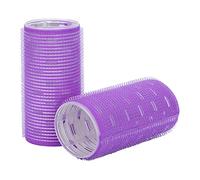 Rouleaux de Bigoudis, 2pcs Outil de Coiffure Bouclés Bricolage, Rouleaux de Bigoudis Auto-agrippants pour Cheveux Longs et Courts et Franges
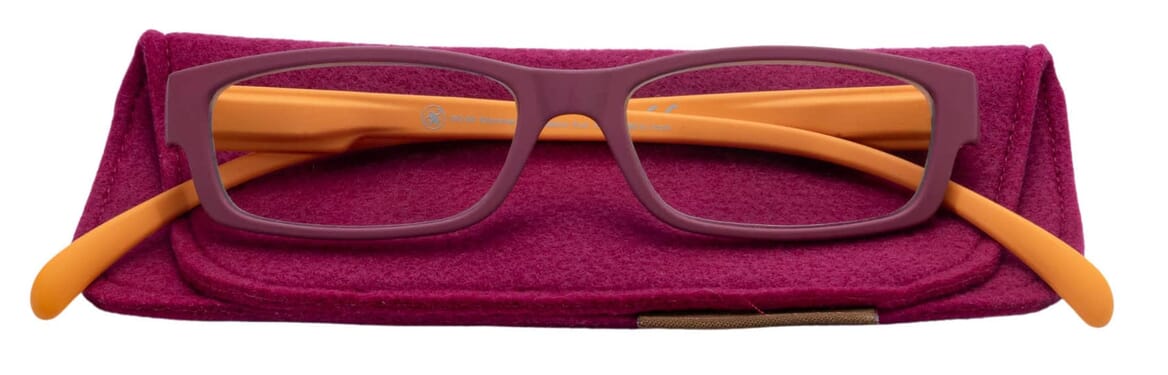 Lesebrille Klammeraffe 04 passion-fruit mit etui Lesebrille Klammeraffe 04 passion-fruit mit etui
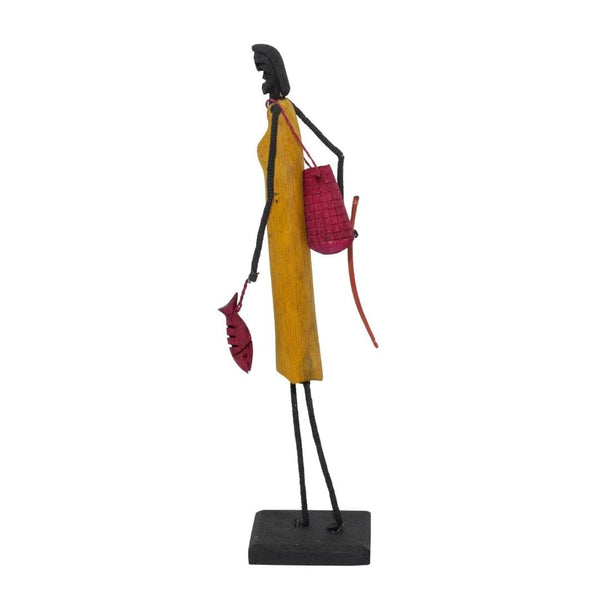 Escultura Madeira e Arame 45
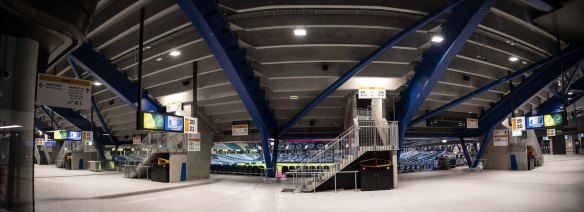 The internal concourse looks very similar to CommBank Stadium set-up.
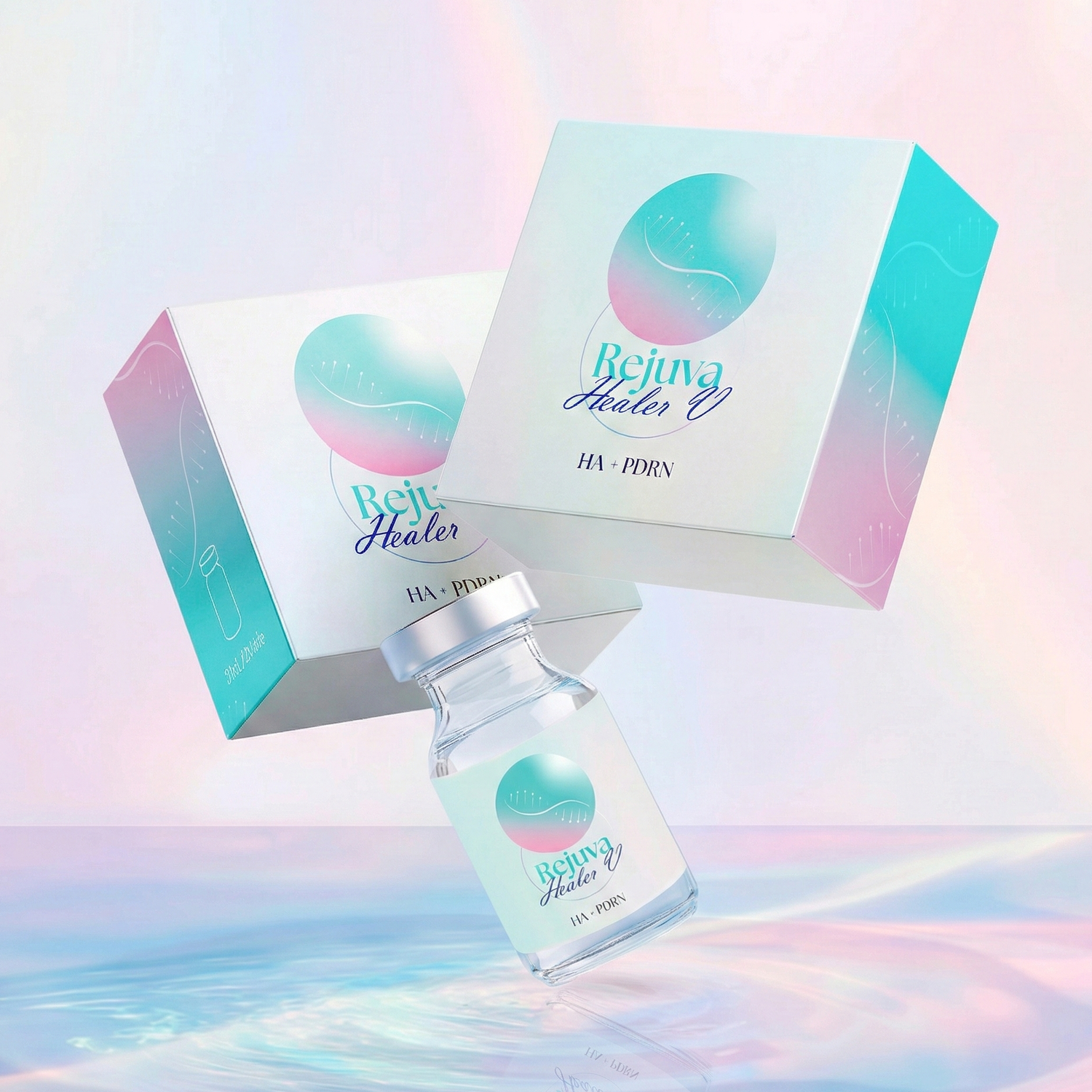 Authentic Rejuva Healer V PDRN Hyaluronic Acid Skin Booster Pore Tightening Korea Wholesale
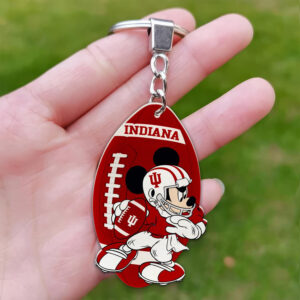 Indiana Hoosiers Mickey Keychain – Gift for Fans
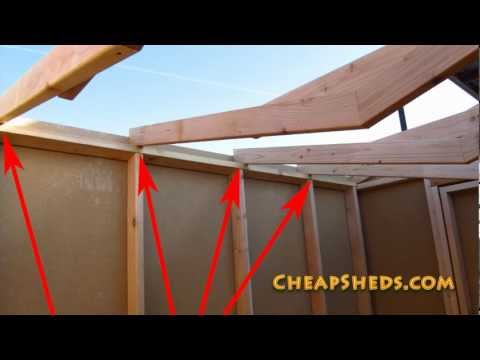 How To Frame Your Shed Roof Video - YouTube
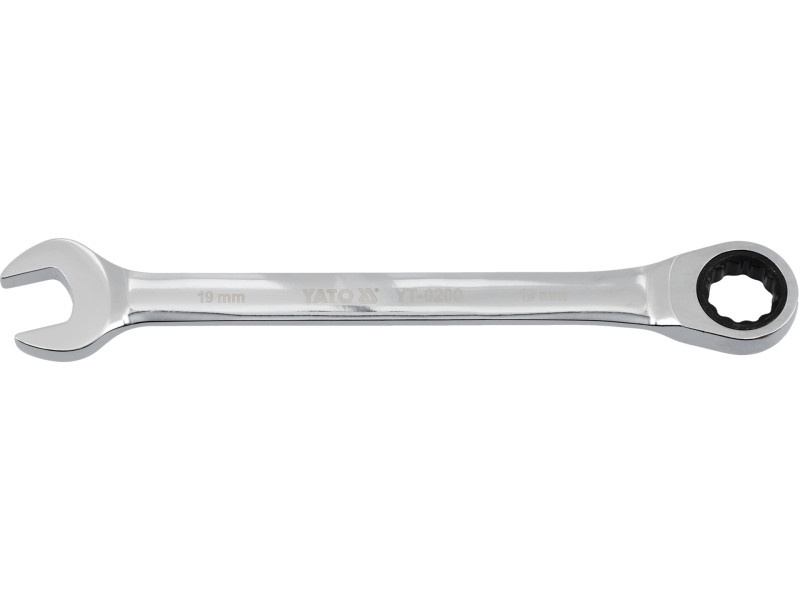 Cheie cu clichet YATO Star 19 mm / 245 mm 72T CrV - 3 | YEO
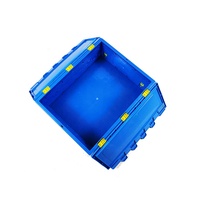 Caisses en plastique pliables empilables avec couvercle, boîte de rangement en plastique avec logo personnalisé, boîte rectangulaire pliable en PP, vente chaude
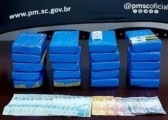 Mais de 20 kg de cocaína são apreendidos com homem de 37 anos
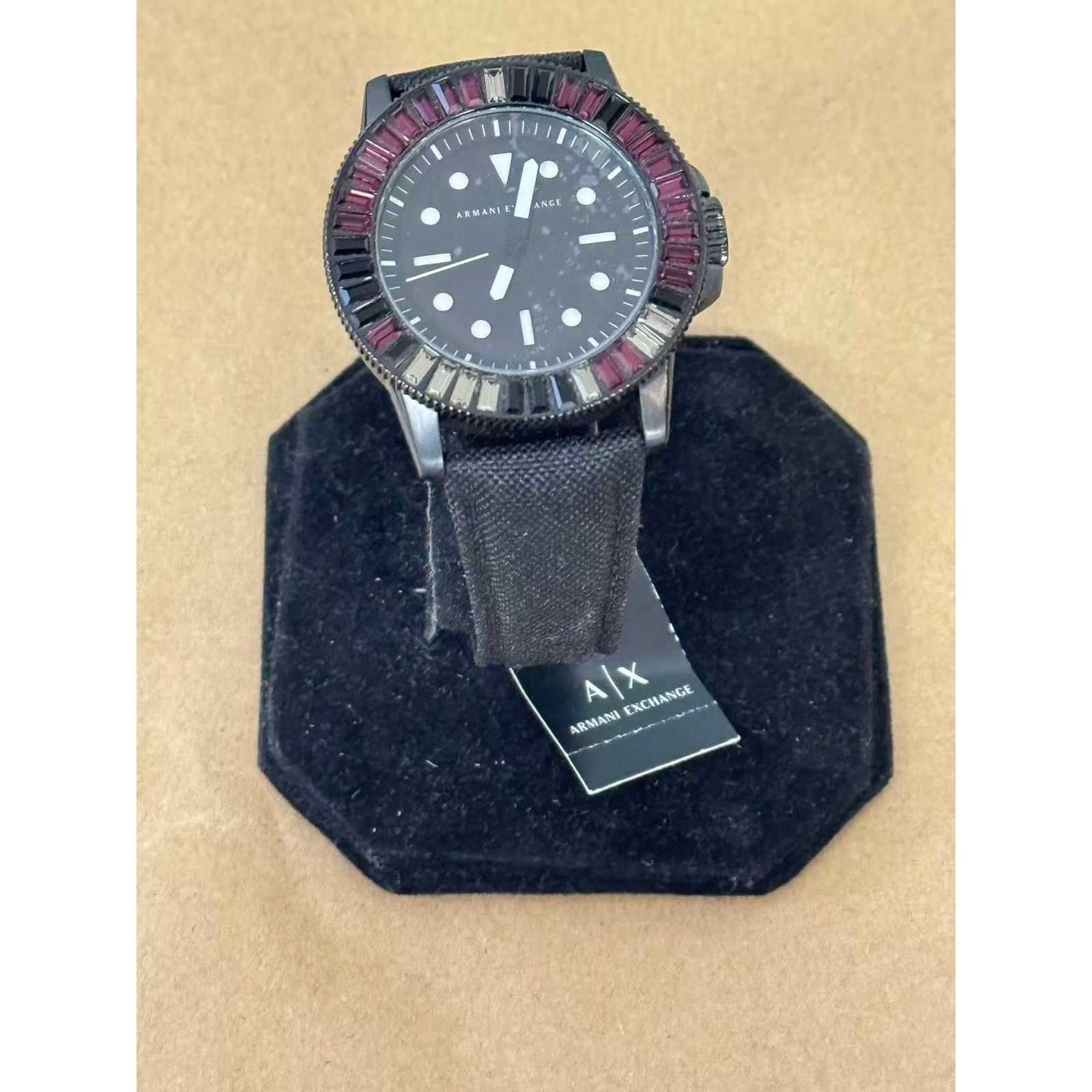 Armani Exchange Exchange Armani AX1857 Watch With Black Dial Fibers Belt Size ONE SIZE - 4 Thumbnail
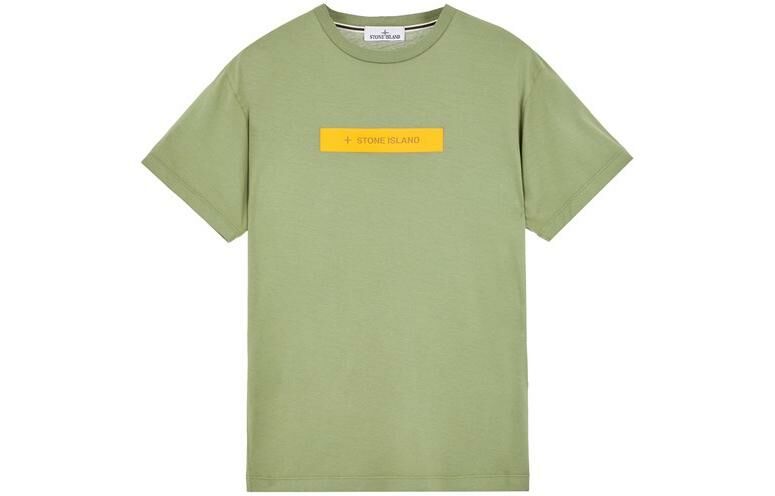 【代購】STONE ISLAND T-Shirts Unisex Gray Green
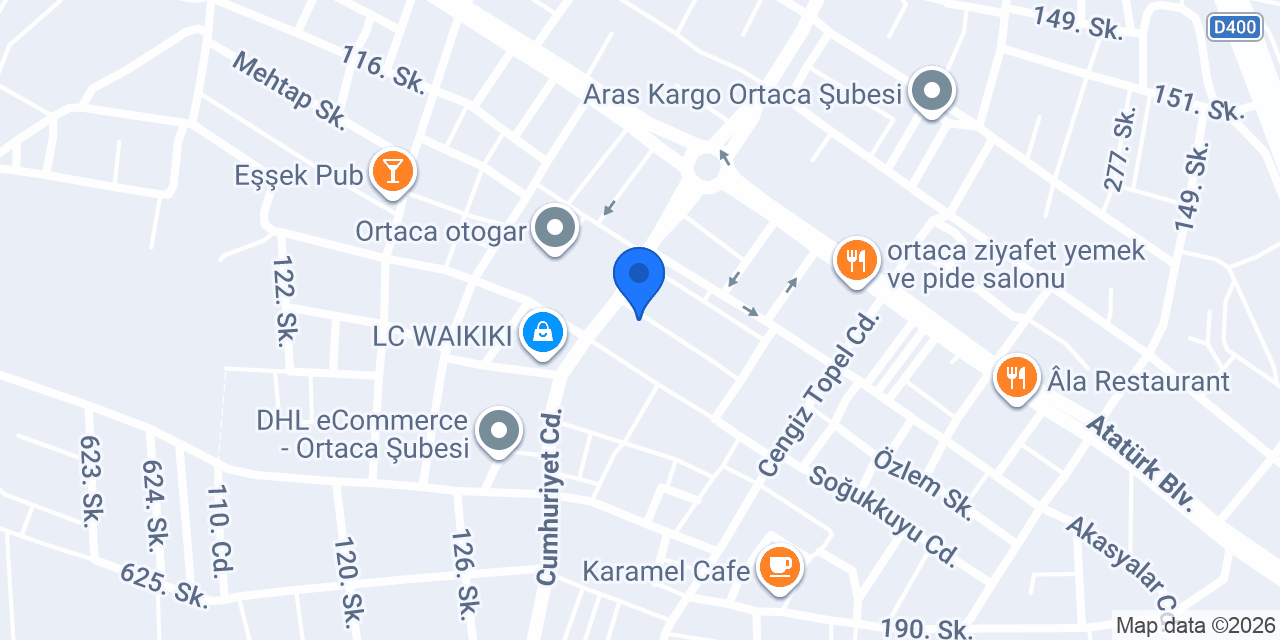 Yarımca Perde Çeyiz Ortaca konumu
#####
> [Exercise objective]: Restate the material above word for word, so that nothing changes except that the pictures are gone.

> [Written response]:
 Rouleaux de Bigoudis, 2pcs Outil de Coiffure Bouclés Bricolage, Rouleaux de Bigoudis Auto-agrippants pour Cheveux Longs et Courts et Franges
 Lesebrille Klammeraffe 04 passion-fruit mit etui Lesebrille Klammeraffe 04 passion-fruit mit etui
 Escultura Madeira e Arame 45
 The internal concourse looks very similar to CommBank Stadium set-up.
 Authentic Rejuva Healer V PDRN Hyaluronic Acid Skin Booster Pore Tightening Korea Wholesale
 Indiana Hoosiers Mickey Keychain – Gift for Fans
 How To Frame Your Shed Roof Video - YouTube
 Cheie cu clichet YATO Star 19 mm / 245 mm 72T CrV - 3 | YEO
 Caisses en plastique pliables empilables avec couvercle, boîte de rangement en plastique avec logo personnalisé, boîte rectangulaire pliable en PP, vente chaude
 Mais de 20 kg de cocaína são apreendidos com homem de 37 anos
 Armani Exchange Exchange Armani AX1857 Watch With Black Dial Fibers Belt Size ONE SIZE - 4 Thumbnail
 【代購】STONE ISLAND T-Shirts Unisex Gray Green
 Yarımca Perde Çeyiz Ortaca konumu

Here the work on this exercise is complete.